++++ RECORDS TO USE
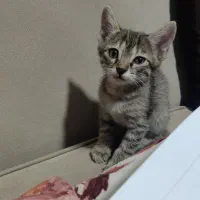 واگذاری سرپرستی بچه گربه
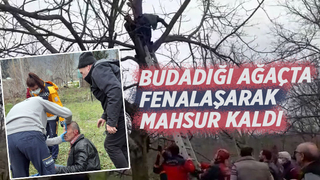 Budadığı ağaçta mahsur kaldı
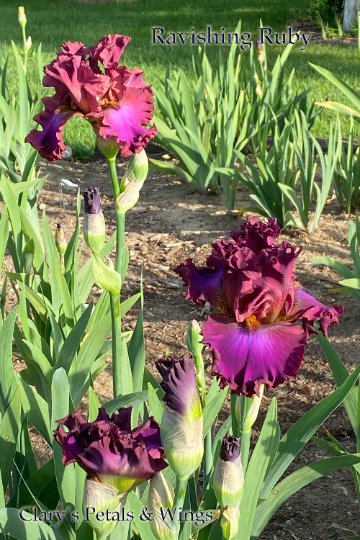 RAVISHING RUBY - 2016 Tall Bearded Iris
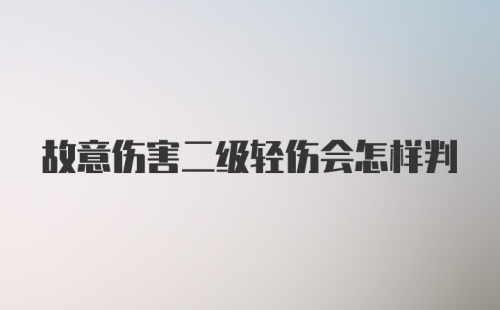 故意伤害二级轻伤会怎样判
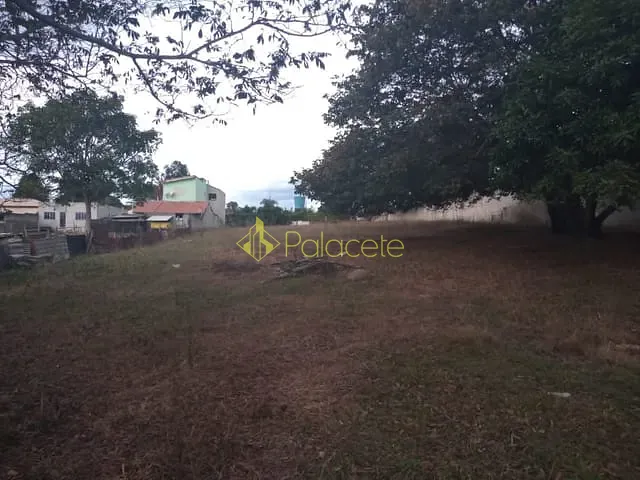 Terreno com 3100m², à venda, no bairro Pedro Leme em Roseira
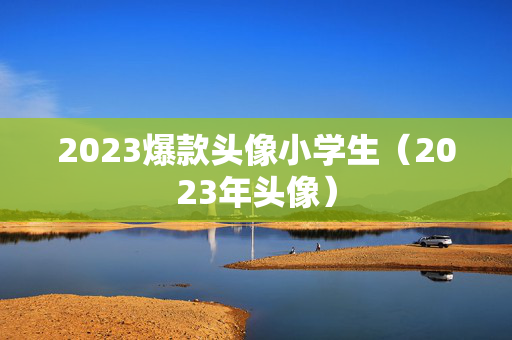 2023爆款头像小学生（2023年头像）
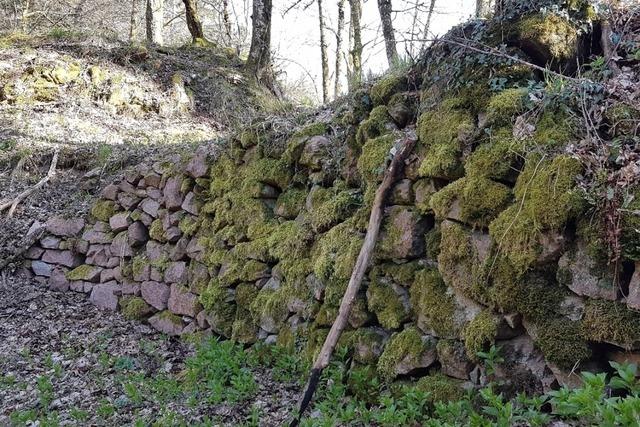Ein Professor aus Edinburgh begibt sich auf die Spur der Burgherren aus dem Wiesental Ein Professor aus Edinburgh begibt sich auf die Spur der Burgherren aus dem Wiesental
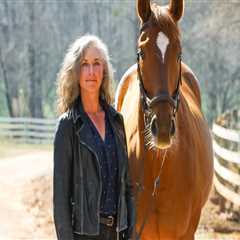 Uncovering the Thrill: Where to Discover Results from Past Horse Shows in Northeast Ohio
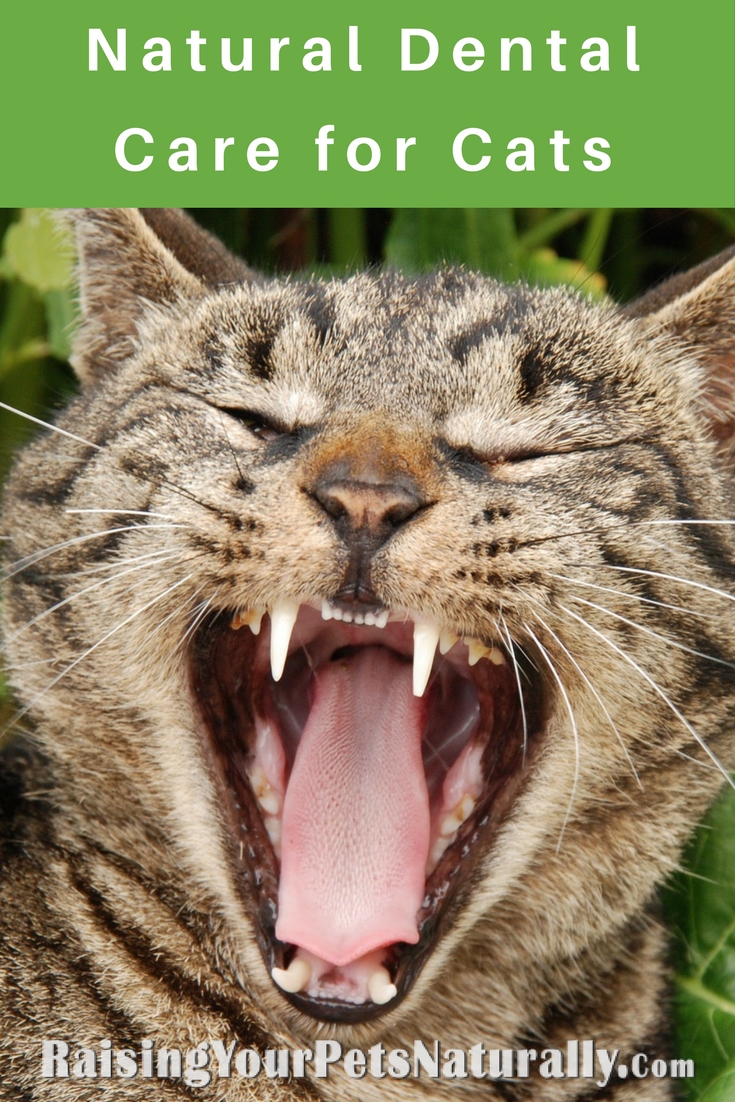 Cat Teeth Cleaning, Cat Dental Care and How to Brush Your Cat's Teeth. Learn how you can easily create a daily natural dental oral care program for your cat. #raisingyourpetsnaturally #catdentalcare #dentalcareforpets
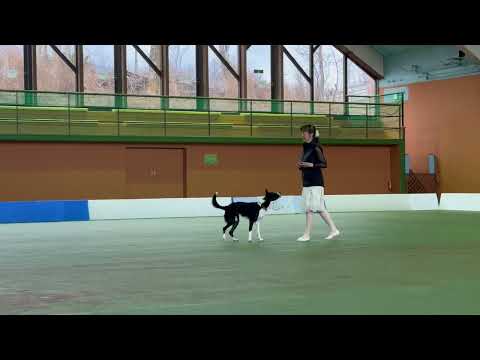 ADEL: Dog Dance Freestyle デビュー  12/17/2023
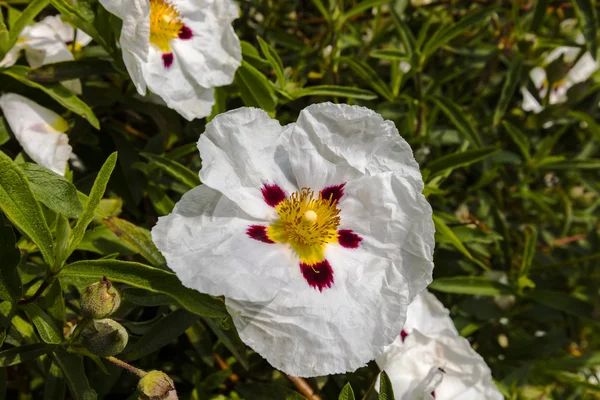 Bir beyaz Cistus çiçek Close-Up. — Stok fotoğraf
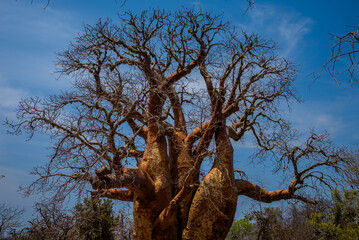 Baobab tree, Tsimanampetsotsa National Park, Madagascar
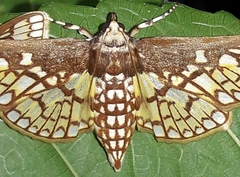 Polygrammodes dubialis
++++++++
> [TASK GOAL]
We ask that the entries above be copied exactly, with the pictures omitted.

> [EXERCISE RESPONSE]
 واگذاری سرپرستی بچه گربه
 Budadığı ağaçta mahsur kaldı
 RAVISHING RUBY - 2016 Tall Bearded Iris
 故意伤害二级轻伤会怎样判
 Terreno com 3100m², à venda, no bairro Pedro Leme em Roseira
 2023爆款头像小学生（2023年头像）
Ein Professor aus Edinburgh begibt sich auf die Spur der Burgherren aus dem Wiesental Ein Professor aus Edinburgh begibt sich auf die Spur der Burgherren aus dem Wiesental
 Uncovering the Thrill: Where to Discover Results from Past Horse Shows in Northeast Ohio
 Cat Teeth Cleaning, Cat Dental Care and How to Brush Your Cat's Teeth. Learn how you can easily create a daily natural dental oral care program for your cat. #raisingyourpetsnaturally #catdentalcare #dentalcareforpets
 ADEL: Dog Dance Freestyle デビュー  12/17/2023
 Bir beyaz Cistus çiçek Close-Up. — Stok fotoğraf
 Baobab tree, Tsimanampetsotsa National Park, Madagascar
 Polygrammodes dubialis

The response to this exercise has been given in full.